Ainsi, l’article 242-16 du même Code prévoit désormais que :


"[...] Les éléments de la nature, espèces vivantes et sites naturels énumérés à l’article 242-17 se voient reconnaître la qualité d’entité naturelle sujet de droits. Des droits fondamentaux leur sont reconnus. Elles n’ont pas de devoirs. Ni les entités naturelles sujets de droit, ni leurs porte-paroles, ni la province des îles Loyauté ne peuvent être tenus responsables d’éventuels dommages qu’elles pourraient causer."


Cette reconnaissance permet l’énonciation des droits fondamentaux à l’article 242-18 de ce Code dont :

1) Le droit à un environnement naturel équilibré, non pollué et non contaminé par les activités humaines et à la protection de leur intégrité physique, chimique, spirituelle ou esthétique ;

2) Le droit de ne pas faire l’objet de divisions en vue d’une occupation humaine permanente ou temporaire ou d’exploitation des ressources vivantes ou minérales qui y sont présentes ;

3) Le droit de n’être la propriété de quelque État, province, groupe humain ou individu ;

4) Le droit à exister naturellement, à s’épanouir, à se régénérer dans le respect de leur cycle de vie et à évoluer naturellement. Il ne peut y être dérogé que dans un cadre coutumier strictement encadré et tel que défini à l’article 242-19 ;

5) Le droit de ne pas être gardées en captivité ou en servitude, de ne pas être soumises à un traitement cruel et de ne pas être retirées de leur milieu naturel ”.

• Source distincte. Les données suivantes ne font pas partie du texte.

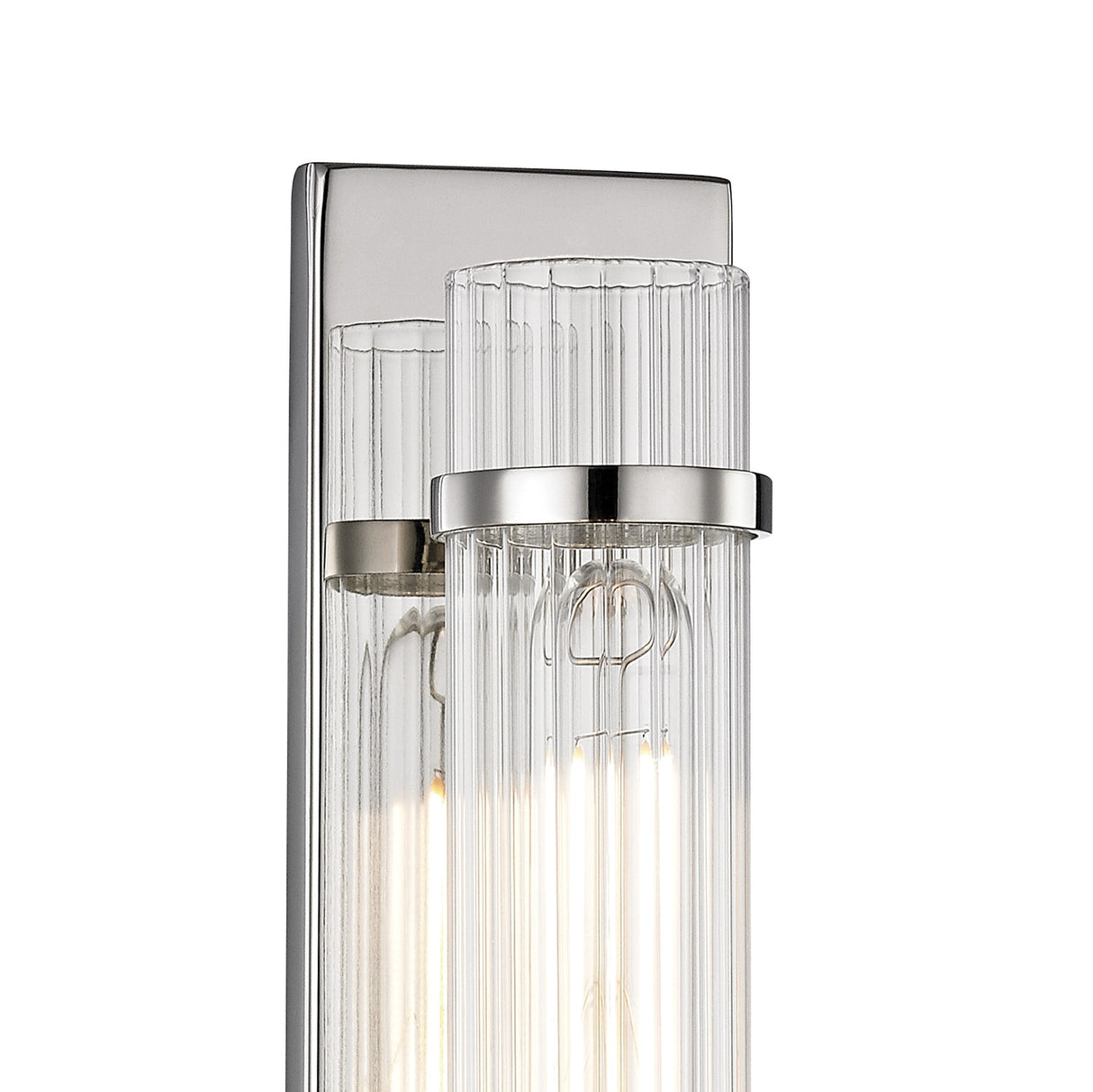 Zeke Wall Sconce 16", Polished Nickel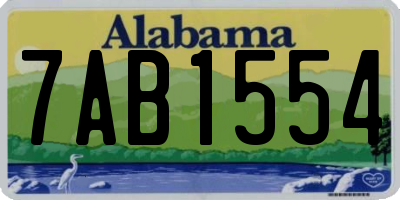 AL license plate 7AB1554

La mise en place d’une gouvernance adaptée


La reconnaissance des droits de la nature implique la mise en place d’une gouvernance nouvelle, car les entités naturelles protégées doivent pouvoir être représentées en justice. Ainsi, selon l’article 242-16, alinéa 4, sont compétents pour représenter les droits de ces espèces :

  • Le président de la province des îles Loyauté ;

  • Les associations agréées pour la protection de l’environnement ;

  • Les groupements de droit particulier local (GDPL) à vocation environnementale (regroupements de clans qui ont un intérêt totémique ou foncier par rapport à un espace protégé).

  • Les porte-paroles des entités naturelles. Chaque entité naturelle dispose de six porte-paroles : trois personnes désignées par le président de la province, puis une personne désignée sur chacune des trois aires coutumières selon ses us et coutumes propres.

Comme en témoigne Victor David : “Quasiment sur chaque île, il y a des clans qui portent le nom de requins, donc les personnes qui seront prioritaires pour être désignées porte-paroles, ce seront en théorie les personnes des clans qui portent les noms de requins.


De nouvelles entités naturelles pourraient être reconnues sujet de droits à l’avenir car l’article 242-17, alinéa 2 de ce Code prévoit la possibilité d’un futur élargissement de cette protection à d'autres espèces. Cette extension peut intervenir à l’initiative de l’Assemblée de la province des îles Loyauté sur proposition des autorités coutumières, des GDPL à vocation environnementale ou encore du président de l'Assemblée de province après avis des autorités coutumières.


Conclusions


Si ce travail réalisé en Nouvelle-Calédonie est inspirant, il n'est pas nécessairement transposable ailleurs, où la marge de manœuvre pour intégrer les droits de la nature est plus réduite. Cependant, ce premier pas réalisé en France est le marqueur d'une volonté partagée de renforcer la protection et la défense de la Nature face aux enjeux de la crise écologique.


Cette victoire ne manquera pas d'inspirer de très nombreuses mobilisations en France, notamment auprès des sites pilotes accompagnés par l'association Wild Legal au sein du programme Ma rivière c'est moi.